* What is required
Keep the pictures out, and restate the listing that follows exactly as written.

* Information provided

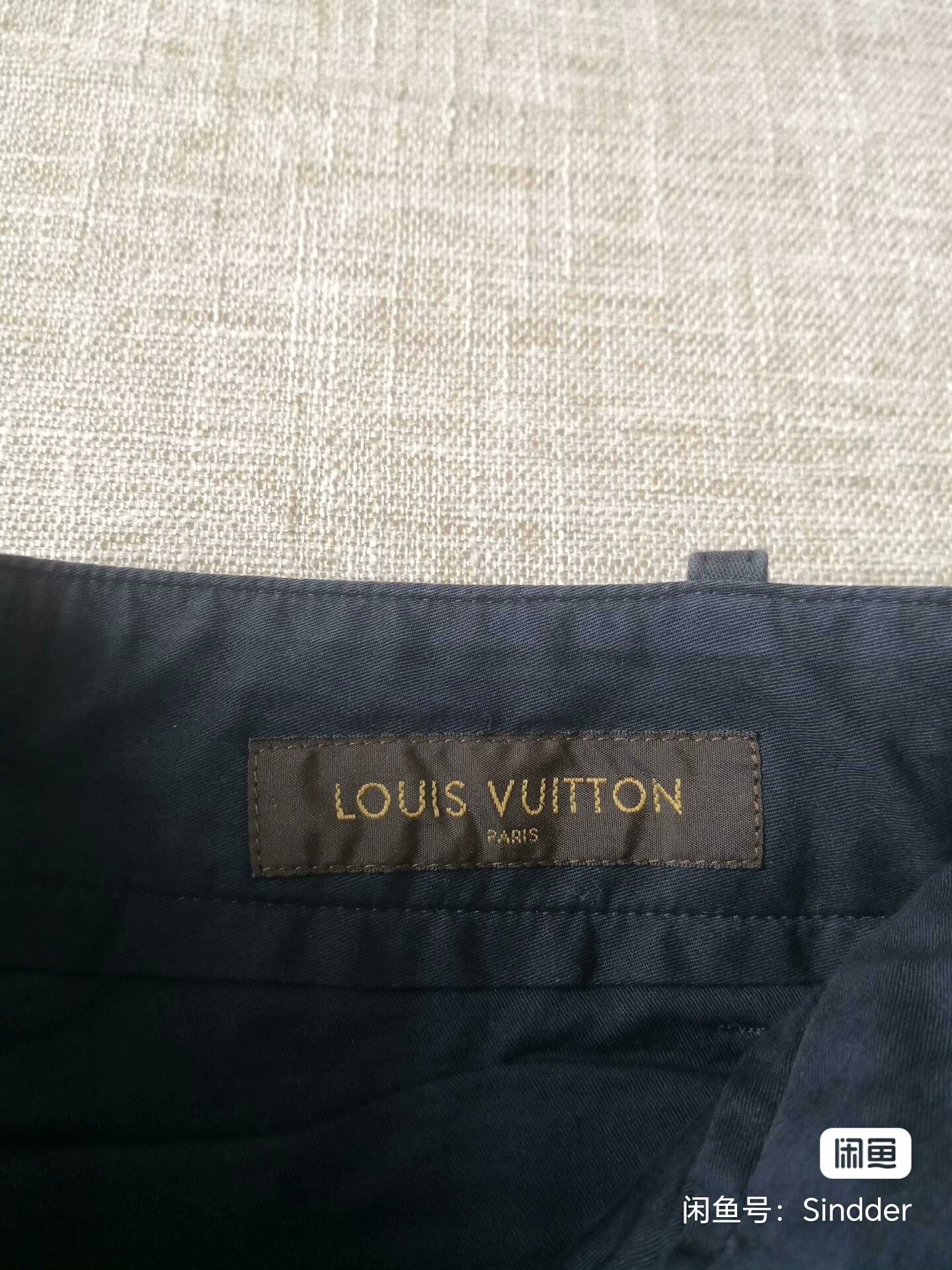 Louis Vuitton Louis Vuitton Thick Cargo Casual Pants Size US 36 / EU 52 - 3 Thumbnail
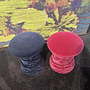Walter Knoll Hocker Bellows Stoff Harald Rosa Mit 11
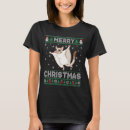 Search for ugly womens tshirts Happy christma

* Written reply
 Louis Vuitton Louis Vuitton Thick Cargo Casual Pants Size US 36 / EU 52 - 3 Thumbnail
Walter Knoll Hocker Bellows Stoff Harald Rosa Mit 11
 Search for ugly womens tshirts Happy christma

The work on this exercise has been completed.